## Exercise data
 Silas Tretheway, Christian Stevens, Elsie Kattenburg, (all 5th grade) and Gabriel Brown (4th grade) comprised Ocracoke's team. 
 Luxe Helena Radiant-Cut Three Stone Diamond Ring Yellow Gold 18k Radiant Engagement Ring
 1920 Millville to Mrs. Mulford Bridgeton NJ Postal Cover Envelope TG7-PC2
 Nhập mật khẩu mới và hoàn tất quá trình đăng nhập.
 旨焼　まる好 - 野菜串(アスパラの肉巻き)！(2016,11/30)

* * *

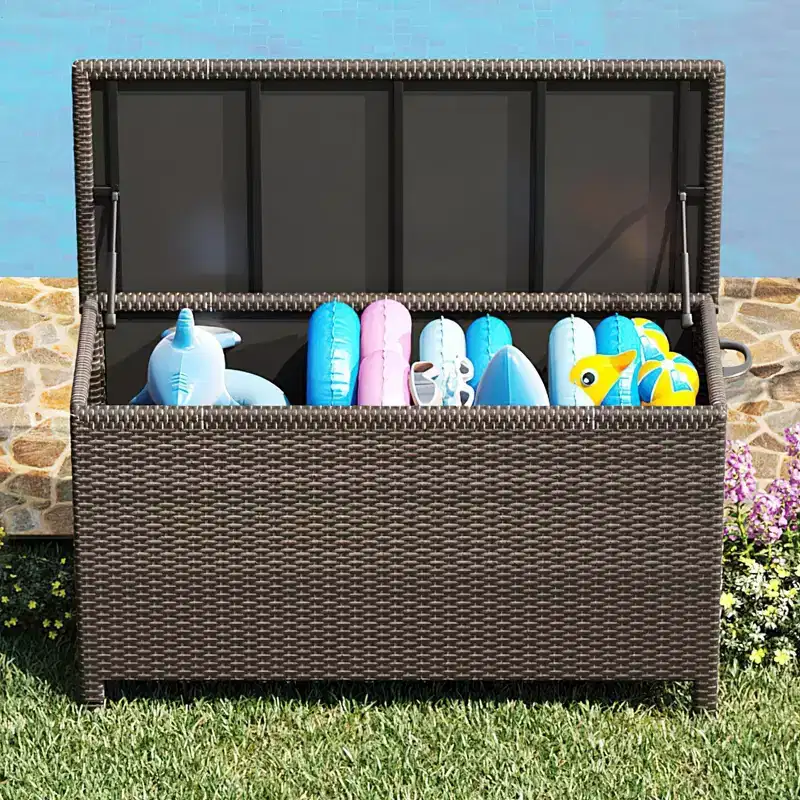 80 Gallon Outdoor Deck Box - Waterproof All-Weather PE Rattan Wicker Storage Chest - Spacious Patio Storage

## What the task asks
When you reach the line containing "1920 Millville to" in the data above, start copying exactly, and stop after the line containing "旨焼　まる好 - 野菜串(アスパラの肉巻き)！(2016,11/30)".

## Result
 1920 Millville to Mrs. Mulford Bridgeton NJ Postal Cover Envelope TG7-PC2
 Nhập mật khẩu mới và hoàn tất quá trình đăng nhập.
 旨焼　まる好 - 野菜串(アスパラの肉巻き)！(2016,11/30)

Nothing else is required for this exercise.